Much of Boys from County Hell is actually ruminating on the ways in which people end up trapped in the same cycles until ambition falls to the wayside and they accept their final resting place. Small towns are their own kind of parasite, and Baugh conveys that with Eugene (Jack Rowan) and William’s (Fra Fee) opposing lifestyles. It’s either stays in Six Mile Hill too long to do anything greater with your life, as seems to be Eugene’s destiny or prepare to pack up your bags and just leave for anywhere else like William. When Abhartach’s final resting place is disturbed and people start turning into blood-sucking creatures, it’s clear that even Eugene will have to step up and do something if he wants to keep his life.
With the help of his father, Francie (Nigel O’Neill), and his friends Claire (Louisa Harland) and SP (Michael Hough), the group is forced to band together and try and protect Six Mile Hill from a vampire that does not adhere to the rules that vampires are known to follow. Constantly cracking open a tallboy to dull the senses and scouring their respective knowledge of vampire mythology, there are a lot of obvious similarities to 2004’s Shaun of the Dead – a film where drunken camaraderie in the face of impending doom is just the surface of its appeal. In the case of Boys from County Hell, there’s not much more to examine as most of its emotional beats are par for the course for this type of small-town horror.

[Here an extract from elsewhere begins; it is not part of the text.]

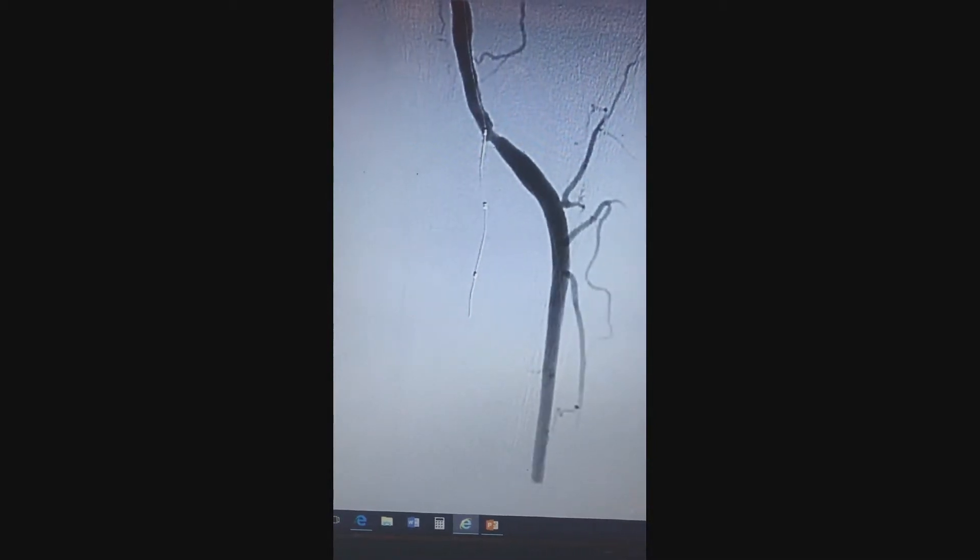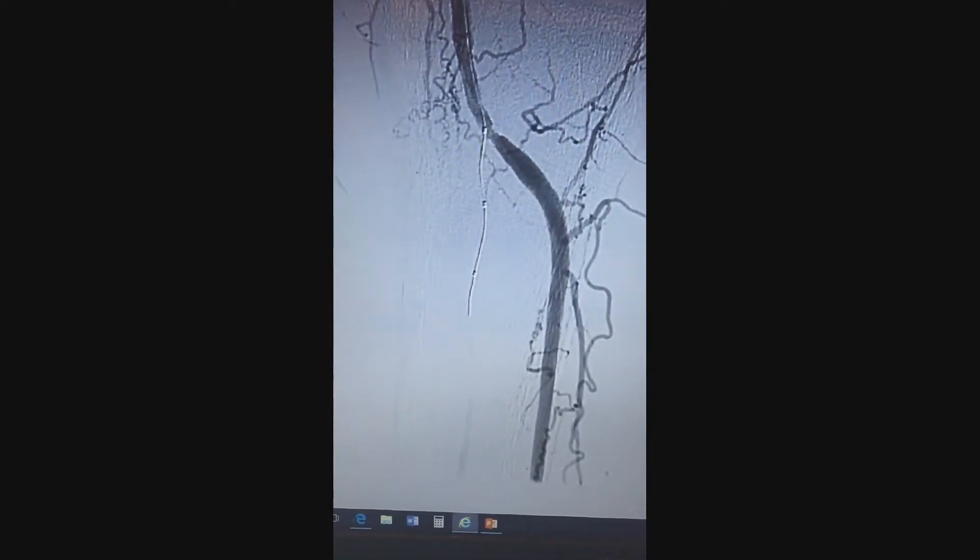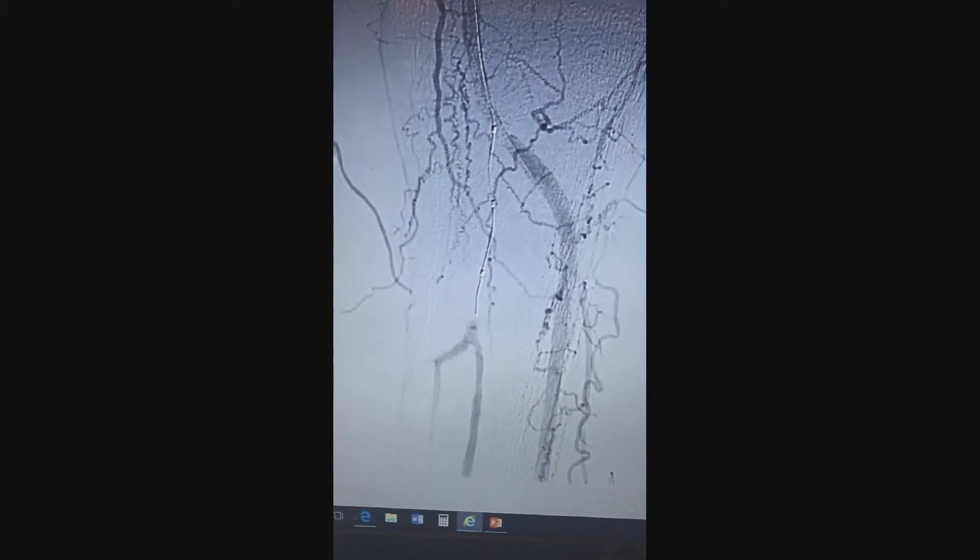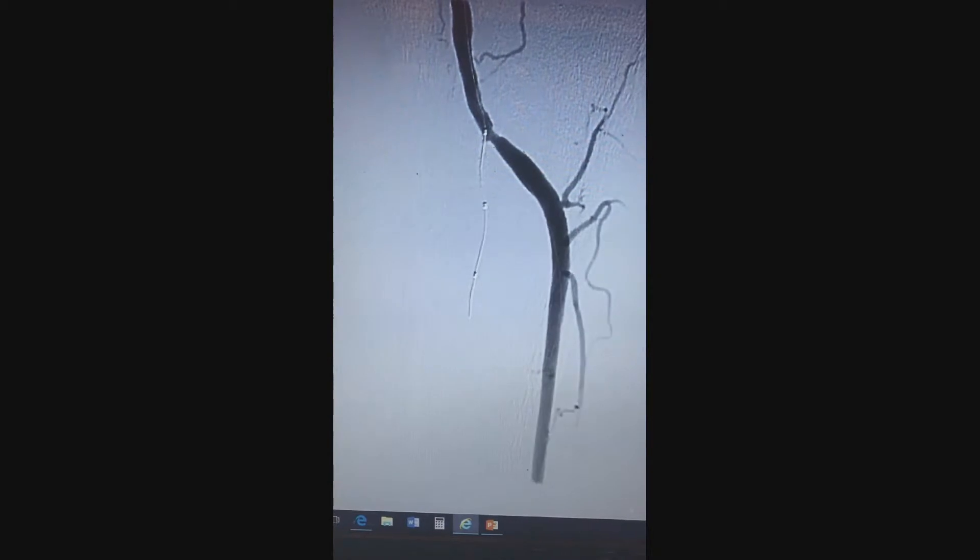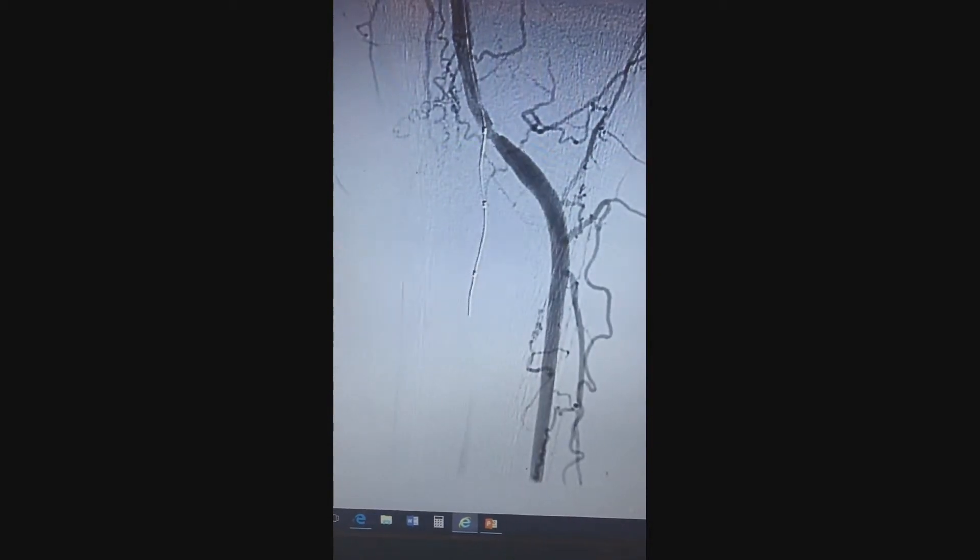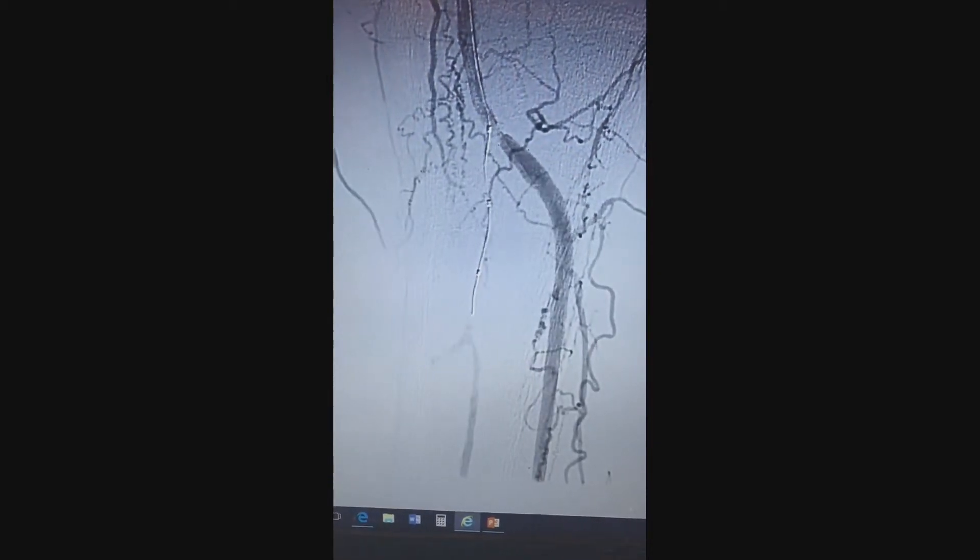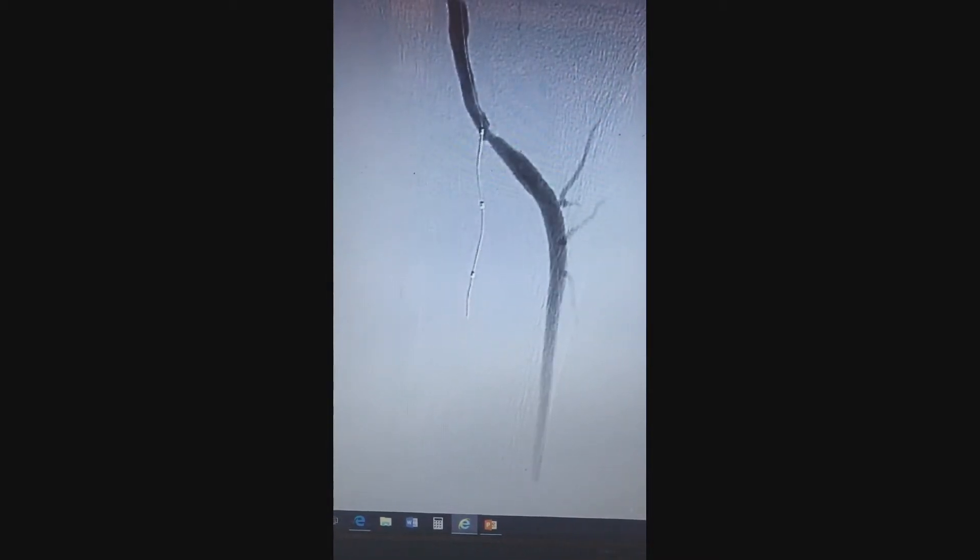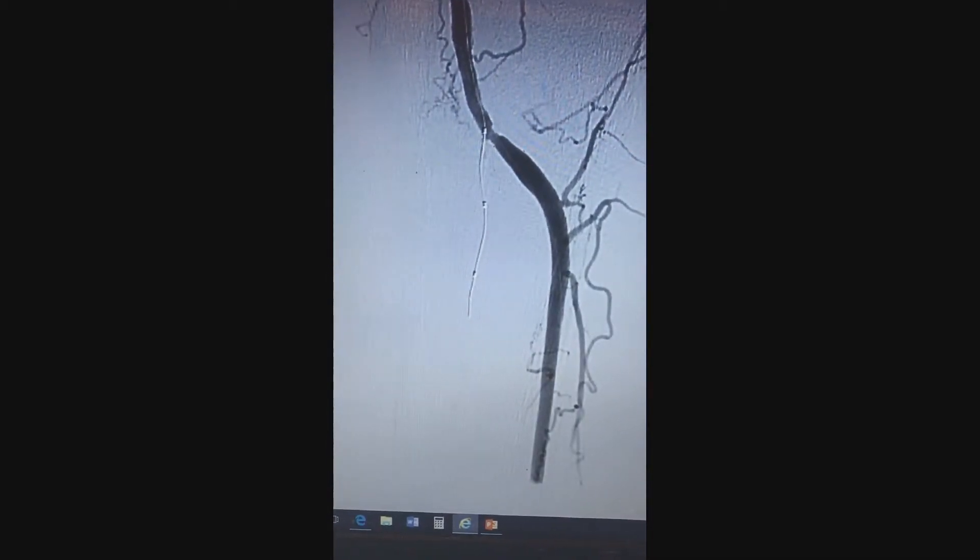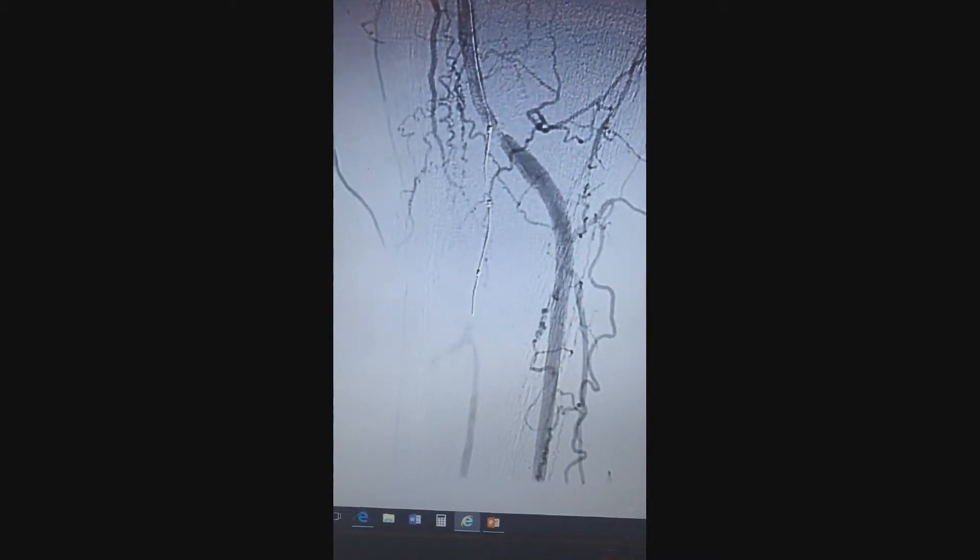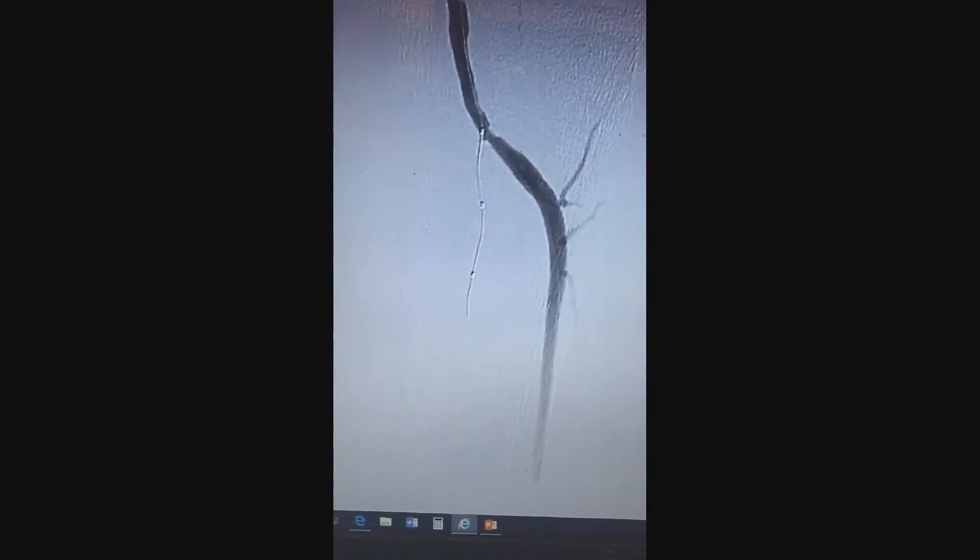There's a wire down the anterior tibial, and then this was an 018 quick cross with a command wire that was able to cross through the lumen of the tibial peroneal trunk and was able to cross all the way to the segment. And then this is where I got stuck. The wire would not go any further. It was in the sub-intimal level here.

Even fantastic performances from most of the cast can’t help Baugh’s screenplay from retreading familiar tropes. John Lynch’s emotional delivery of a father wrestling with his son becoming a vampire is old hat at this point, and Rowan’s performance as Eugene is just fun enough to make up for the fact that his character’s biggest development is he starts to care a little more for his town after it’s threatened and he loses many people closest to him. Most noteworthy is Harland as Claire who balances being humorous, proactive, and compassionate in equal measure, but she is largely mixed in with many of the other side characters as Eugene takes center stage.
Regardless of the screenplay’s shortcomings, there’s still a lot of fun to be had with Boys from County Hell. Like any horror-comedy, there’s a lot of violence for comedy’s sake, but it’s the reactions and attitudes of those involved that sell it. Combined with some incredible gore and practical effects, horror fans will be easily satiated with a lot of the ways Baugh prods at expectations, delivers the goods, and then subverts them through a uniquely Irish vampire legend. The specific attempts at comedy help keep a healthy buzz going throughout the violence as the plot meanders between different stabs at killing the malevolent force taking over the town.
As far as horror comedies go, Boys from County Hell is one of the better ones because it isn’t just making fun of typical horror beats – it’s poking fun at them and questioning the reason they are tropes. Though it shares a lot of the same DNA as fellow brethren in the genre – almost to a fault – it’s hard not to be entertained watching small-town folks drunkenly attempt to thwart a vampire. Harrowing as their predicament may be, there’s something admirable about those seemingly destined to do nothing then rising above expectations. Boys from County Hell manages to be the entertaining horror film it sets out to be while invigorating itself with a refreshing take on vampire mythology.
Nina
April 30, 2021 at 4:18 pm
“Much of Boys from County Hell is actually ruminating on the ways in which people end up trapped in the same cycles until ambition falls to the wayside and they accept their final resting place”
WOW I wasn’t expecting to have a life crisis just for reading a film review. Thanks, Christopher.